Os outros dois, aproveitam para se distanciarem mais dos seus perseguidores e continuarem a alimentar a esperança de viver sem grilhetas.

Correm até à exaustão sem se preocuparem com o barulho denunciador do rumo que levam. Por sorte, são ouvidos e vistos por um grupo avançado de n’golas, que os acolhem, enquanto Amador dá a ordem de emboscar os perseguidores brancos.

São cinco os portugueses que tentam alcançar os escravos. Trazem com eles três mastins treinados para encontrar e parar os fugitivos. Seguem confiantes de capturar os dois negros restantes com a mesma facilidade com que apanharam o primeiro, mas não podem deixar os cães despedaçá-los como fizeram àquele. Afinal os negros valem dinheiro, por isso precisam de apanhá-los vivos e levá-los para a cidade.

Os cães farejam e ladram ao sentir a presença de estranhos. Os caçadores avançam resolutos com as armas na mão, mas não chegam a ver os negros que perseguem. Uma chuva de setas imobiliza-os ali mesmo, juntamente com os animais.

Os rostos negros e brilhantes de suor de Amador e dos outros ex-escravos, distendem-se em largos sorrisos, naquela que foi a primeira vitória alcançada sobre os esclavagistas.

Despojam-nos de tudo o que lhes interessa e deixam que as feras tomem conta dos seus corpos.

Fora da mata o céu tinge-se do vermelho do entardecer. É o fim de mais um quente dia tropical, que pode também prenunciar o fim de uma era de iniquidade e despotismo.

Esta acção foi a primeira de uma série que Amador, à frente dos seus homens, desencadeou a partir do sul da ilha.

Na verdade, estes homens armados precariamente, começam a invadir as grandes propriedades, incendeiam as plantações, destroem os engenhos e tentam até atacar a cidade.

A fama de Amador alastra pela floresta e chega à cidade. Organizam-se expedições para capturar o escravo rebelde que protegido pela floresta, a todas consegue escapar, muitas vezes fazendo contra-ataques rápidos que deixam mortos no terreno, muitos dos seus perseguidores.

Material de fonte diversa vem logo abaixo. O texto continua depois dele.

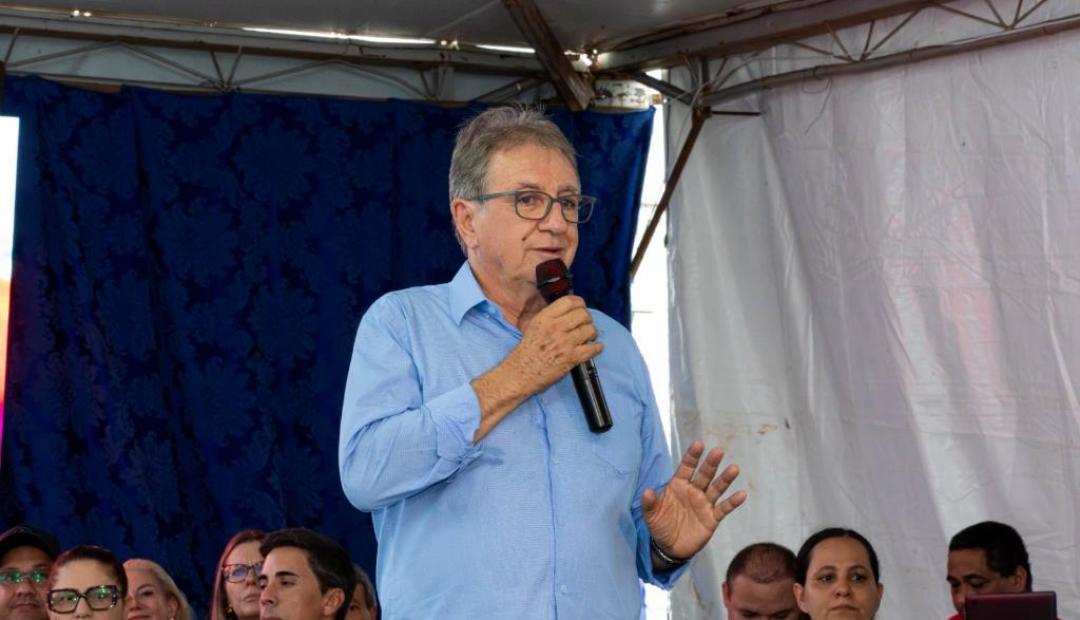 Asfalto, escolas e máquinas: Paranaíta recebe R$ 22,2 milhões em novos investimentos do Governo de MT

Estes grupos de escravos passam a ser conhecidos por n’golas por serem compostos por escravos oriundos de Angola, que se refugiam nos quilombos da floresta e o empenho e a orientação que Amador imprime a estas acções de sucesso, fazem com que os seus seguidores o passem a denominar de Rei.

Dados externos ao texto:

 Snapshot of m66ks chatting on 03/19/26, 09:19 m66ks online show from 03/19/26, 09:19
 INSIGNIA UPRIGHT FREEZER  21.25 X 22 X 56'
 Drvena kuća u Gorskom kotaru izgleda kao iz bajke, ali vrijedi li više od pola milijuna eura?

Os ataques e as vitórias sucedem-se com tal frequência e com tal intensidade que os escravos chegam a dominar um terço da ilha de São Tomé.

Num entardecer morno, quando a brisa suave do mar faz estremecer as folhas largas dos coqueiros, Amador entra finalmente na cidade. Livre como sempre sonhou.

A multidão de escravos libertos aclama-o como a um rei e os tambores de troncos ocos fazem soar no horizonte o batuque da liberdade.